For the rest of you we will enlist the help of my able assistant, Rolf. If you are listening to this on the radio, Rolf is holding an apple in his left hand, and an orange in his right. This is the sun (Rolf holds up the apple). This is the earth (Rolf holds up the orange), and you will see it has a flat top and bottom, and is leaning slightly to one side as if someone has just knocked it off balance. Over a year the earth rotates around the sun, but keeps the same angle as it moves. It’s also spinning on its axis every day, which gives us day and night.
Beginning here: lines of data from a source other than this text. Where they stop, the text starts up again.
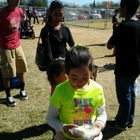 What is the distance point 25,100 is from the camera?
14.2ft

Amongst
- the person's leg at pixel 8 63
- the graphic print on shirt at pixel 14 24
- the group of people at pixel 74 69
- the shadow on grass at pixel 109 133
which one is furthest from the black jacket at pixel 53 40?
the shadow on grass at pixel 109 133

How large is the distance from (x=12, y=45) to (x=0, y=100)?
111 cm

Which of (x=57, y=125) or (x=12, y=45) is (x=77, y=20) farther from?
(x=57, y=125)

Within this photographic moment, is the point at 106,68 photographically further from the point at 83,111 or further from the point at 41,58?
the point at 83,111

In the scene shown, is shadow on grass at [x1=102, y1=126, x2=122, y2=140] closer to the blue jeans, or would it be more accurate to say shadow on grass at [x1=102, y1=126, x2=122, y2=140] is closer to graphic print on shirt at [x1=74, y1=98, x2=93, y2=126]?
the blue jeans

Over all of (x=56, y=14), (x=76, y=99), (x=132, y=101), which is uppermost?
(x=56, y=14)

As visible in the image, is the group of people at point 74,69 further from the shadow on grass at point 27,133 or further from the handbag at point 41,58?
the shadow on grass at point 27,133

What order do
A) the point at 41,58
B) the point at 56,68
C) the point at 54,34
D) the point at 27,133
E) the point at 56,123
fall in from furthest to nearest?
the point at 27,133 < the point at 41,58 < the point at 54,34 < the point at 56,68 < the point at 56,123

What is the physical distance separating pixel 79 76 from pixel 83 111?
285 mm

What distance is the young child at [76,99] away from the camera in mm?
1584

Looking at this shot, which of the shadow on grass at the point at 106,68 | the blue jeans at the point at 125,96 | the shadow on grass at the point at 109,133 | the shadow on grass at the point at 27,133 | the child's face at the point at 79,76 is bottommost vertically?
the shadow on grass at the point at 109,133

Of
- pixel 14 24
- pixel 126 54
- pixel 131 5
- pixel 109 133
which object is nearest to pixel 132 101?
pixel 109 133

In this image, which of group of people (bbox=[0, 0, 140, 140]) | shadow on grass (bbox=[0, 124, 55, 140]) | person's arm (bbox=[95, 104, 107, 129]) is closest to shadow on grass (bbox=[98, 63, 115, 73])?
group of people (bbox=[0, 0, 140, 140])

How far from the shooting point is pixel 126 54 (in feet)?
9.54
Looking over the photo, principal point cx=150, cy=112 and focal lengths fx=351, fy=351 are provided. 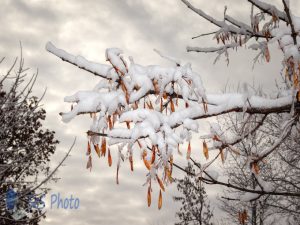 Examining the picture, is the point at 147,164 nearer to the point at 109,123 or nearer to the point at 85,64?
the point at 109,123

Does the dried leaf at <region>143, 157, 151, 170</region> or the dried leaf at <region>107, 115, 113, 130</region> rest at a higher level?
the dried leaf at <region>107, 115, 113, 130</region>

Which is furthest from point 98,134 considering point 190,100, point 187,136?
point 190,100

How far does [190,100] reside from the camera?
2.37 meters

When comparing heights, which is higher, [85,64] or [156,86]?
[85,64]

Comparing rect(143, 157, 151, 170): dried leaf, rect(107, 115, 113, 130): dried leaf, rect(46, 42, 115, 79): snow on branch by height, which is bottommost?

Now (pay attention at the back) if the sun (apple) is in the middle, say, and the earth (orange) is at 12 noon, and the lean of the earth is towards the sun, then the sun is shining directly (is ‘in zenith’) at the tropic of cancer (the circle of latitude north of the equator). Then we are at midsummer in the northern hemisphere – it’s light all the time in Kiruna, light more than usual in the UK, and light as it always is (half the day) down at the equator. At the other pole it’s dark all the time.
Rolf moves the orange anti-clockwise to 9, keeping the same angle. Now it is the autumn equinox – because the earth is leaning at the same angle the sun is now ‘in zenith’ over the equator and so is shining equally up and down the whole earth, with equal length night and day all over the globe.
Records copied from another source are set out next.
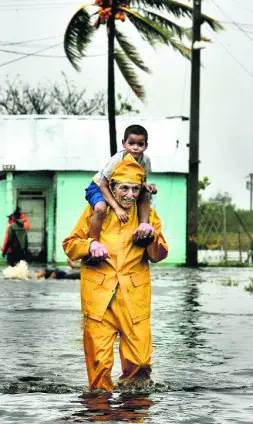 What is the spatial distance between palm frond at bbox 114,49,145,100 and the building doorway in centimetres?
668

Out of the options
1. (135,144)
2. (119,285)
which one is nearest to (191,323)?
(135,144)

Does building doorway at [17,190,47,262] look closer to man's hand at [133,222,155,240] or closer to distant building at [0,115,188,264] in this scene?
distant building at [0,115,188,264]

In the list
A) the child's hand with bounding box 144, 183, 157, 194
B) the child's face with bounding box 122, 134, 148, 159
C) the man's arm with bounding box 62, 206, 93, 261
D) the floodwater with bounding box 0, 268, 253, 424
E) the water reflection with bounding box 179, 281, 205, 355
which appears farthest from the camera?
the water reflection with bounding box 179, 281, 205, 355

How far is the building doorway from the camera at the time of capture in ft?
143

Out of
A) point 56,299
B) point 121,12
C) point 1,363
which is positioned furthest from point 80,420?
point 121,12

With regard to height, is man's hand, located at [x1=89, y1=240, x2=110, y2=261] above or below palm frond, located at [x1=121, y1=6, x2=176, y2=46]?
below

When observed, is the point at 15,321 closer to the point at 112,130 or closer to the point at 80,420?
the point at 80,420

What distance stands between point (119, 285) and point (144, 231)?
0.44 metres

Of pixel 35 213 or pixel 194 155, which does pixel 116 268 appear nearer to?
pixel 194 155

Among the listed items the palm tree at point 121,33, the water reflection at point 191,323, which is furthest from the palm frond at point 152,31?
the water reflection at point 191,323

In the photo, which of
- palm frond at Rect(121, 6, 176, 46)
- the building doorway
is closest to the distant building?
the building doorway

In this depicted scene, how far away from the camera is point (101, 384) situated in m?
9.41

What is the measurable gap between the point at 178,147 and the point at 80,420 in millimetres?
33982

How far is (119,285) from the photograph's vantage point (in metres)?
9.32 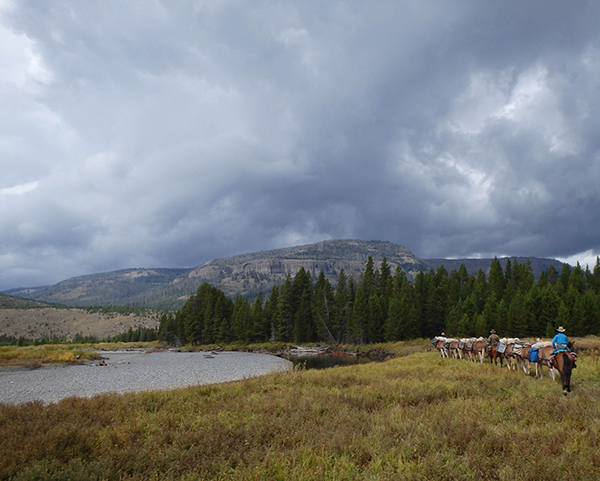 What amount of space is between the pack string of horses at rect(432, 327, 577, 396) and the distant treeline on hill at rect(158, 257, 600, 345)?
28.5 m

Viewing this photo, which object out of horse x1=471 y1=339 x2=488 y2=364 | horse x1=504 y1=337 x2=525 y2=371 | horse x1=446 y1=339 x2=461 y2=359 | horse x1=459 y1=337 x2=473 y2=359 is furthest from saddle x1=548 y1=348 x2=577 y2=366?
horse x1=446 y1=339 x2=461 y2=359

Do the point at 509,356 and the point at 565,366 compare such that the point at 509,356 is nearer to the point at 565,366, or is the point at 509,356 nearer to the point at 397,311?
the point at 565,366

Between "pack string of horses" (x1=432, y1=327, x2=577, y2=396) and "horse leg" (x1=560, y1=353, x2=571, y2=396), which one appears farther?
"pack string of horses" (x1=432, y1=327, x2=577, y2=396)

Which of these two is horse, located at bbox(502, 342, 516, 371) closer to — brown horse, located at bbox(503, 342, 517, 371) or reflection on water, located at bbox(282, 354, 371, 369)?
brown horse, located at bbox(503, 342, 517, 371)

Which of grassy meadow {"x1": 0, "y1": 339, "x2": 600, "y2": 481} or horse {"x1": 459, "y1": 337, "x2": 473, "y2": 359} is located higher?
grassy meadow {"x1": 0, "y1": 339, "x2": 600, "y2": 481}

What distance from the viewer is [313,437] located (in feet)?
27.3

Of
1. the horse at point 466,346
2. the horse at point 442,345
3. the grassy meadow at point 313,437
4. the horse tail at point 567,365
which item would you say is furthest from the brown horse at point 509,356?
the horse at point 442,345

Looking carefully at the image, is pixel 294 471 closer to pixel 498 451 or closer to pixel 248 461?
pixel 248 461

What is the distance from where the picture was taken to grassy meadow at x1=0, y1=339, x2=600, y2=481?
253 inches

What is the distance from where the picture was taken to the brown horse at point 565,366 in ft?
42.3

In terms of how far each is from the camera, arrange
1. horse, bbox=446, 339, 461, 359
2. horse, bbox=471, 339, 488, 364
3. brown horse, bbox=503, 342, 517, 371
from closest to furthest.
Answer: brown horse, bbox=503, 342, 517, 371
horse, bbox=471, 339, 488, 364
horse, bbox=446, 339, 461, 359

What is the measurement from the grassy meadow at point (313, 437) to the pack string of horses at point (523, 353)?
42.2 inches

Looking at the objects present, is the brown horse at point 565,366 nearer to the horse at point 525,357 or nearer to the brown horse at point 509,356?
the horse at point 525,357

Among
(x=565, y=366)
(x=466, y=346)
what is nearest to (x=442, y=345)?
(x=466, y=346)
Rolf moves the orange on to 6, and now the sun is shining at the tropic of capricorn in the south. The northern part of the globe is leaning away from the sun. It’s midwinter here in Kiruna and very dark, in the UK it’s darker than usual, it’s light as it always is (half the day) at the equator, and it’s light all the time at the southern pole.
Rolf moves the orange to 3, and it’s the spring equinox, where we are this week – the sun is ‘in zenith’ over the equator and light is shining equally up and down the earth again.
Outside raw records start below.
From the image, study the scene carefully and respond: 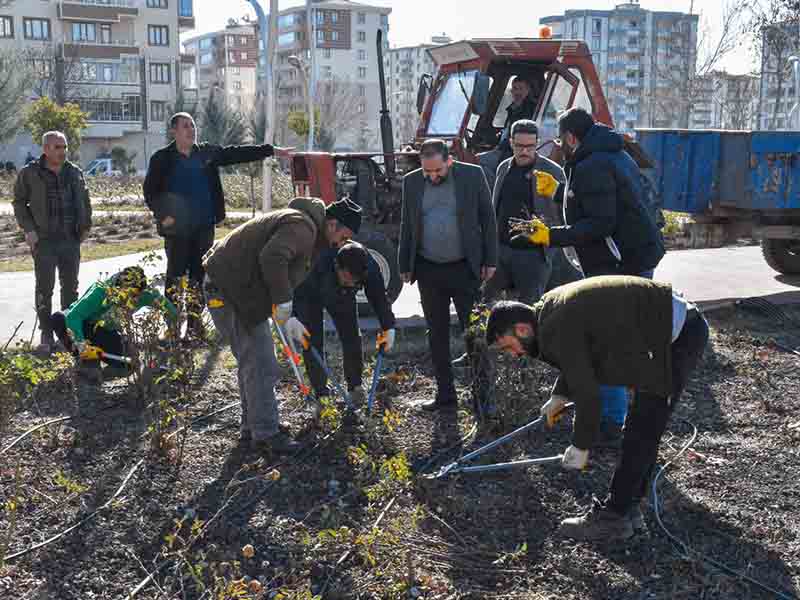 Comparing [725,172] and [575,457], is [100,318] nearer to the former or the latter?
[575,457]

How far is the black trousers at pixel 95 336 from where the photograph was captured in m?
6.24

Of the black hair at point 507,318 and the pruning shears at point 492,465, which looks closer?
the black hair at point 507,318

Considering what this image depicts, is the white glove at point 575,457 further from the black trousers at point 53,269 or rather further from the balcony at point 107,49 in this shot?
the balcony at point 107,49

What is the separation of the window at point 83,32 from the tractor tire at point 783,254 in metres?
57.1

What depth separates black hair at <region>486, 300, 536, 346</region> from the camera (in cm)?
364

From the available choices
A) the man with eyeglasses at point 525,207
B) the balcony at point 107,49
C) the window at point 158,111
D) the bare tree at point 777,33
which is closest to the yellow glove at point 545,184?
the man with eyeglasses at point 525,207

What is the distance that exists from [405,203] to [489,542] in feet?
7.69

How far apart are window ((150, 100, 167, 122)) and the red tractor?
5602 cm

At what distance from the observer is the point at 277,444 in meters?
4.96

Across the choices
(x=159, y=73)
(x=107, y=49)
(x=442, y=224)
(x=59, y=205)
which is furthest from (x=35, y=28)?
(x=442, y=224)

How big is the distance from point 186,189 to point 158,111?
192ft

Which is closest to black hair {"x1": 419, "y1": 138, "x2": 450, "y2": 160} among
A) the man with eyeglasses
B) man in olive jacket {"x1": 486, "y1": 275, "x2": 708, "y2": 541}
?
the man with eyeglasses

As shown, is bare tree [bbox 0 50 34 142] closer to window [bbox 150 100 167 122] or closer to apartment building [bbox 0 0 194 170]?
apartment building [bbox 0 0 194 170]

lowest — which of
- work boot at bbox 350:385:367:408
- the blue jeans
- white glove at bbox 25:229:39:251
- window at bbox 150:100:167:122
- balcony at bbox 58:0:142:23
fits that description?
work boot at bbox 350:385:367:408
It wasn’t until I moved so far north that I was aware of the movement of the earth – it isn’t something one gets to think about so often. But because light conditions are rather extreme up here, it makes you think about it. The further north you go in the globe the more extreme these effects will be, and because of the flat top of the earth the differences are very marked north of the arctic circle. At the arctic circle, which is only about three hours’ drive south of here, there is only one day a year when the sun never rises, and one day a year when it never sets, and south of there this never happens. In Kiruna there are about four weeks when the sun doesn’t rise at all, and about six weeks when it never sets.
But this week we are all experiencing the same amount of night and day, just like it is at the equator all year round. Before long I will be desperately fixing up the blackout blinds to keep the sun out of my eyes at midnight, but for now the equinox means in Kiruna we have long enough days to enjoy the winter sunshine and long enough nights to have a good night’s sleep.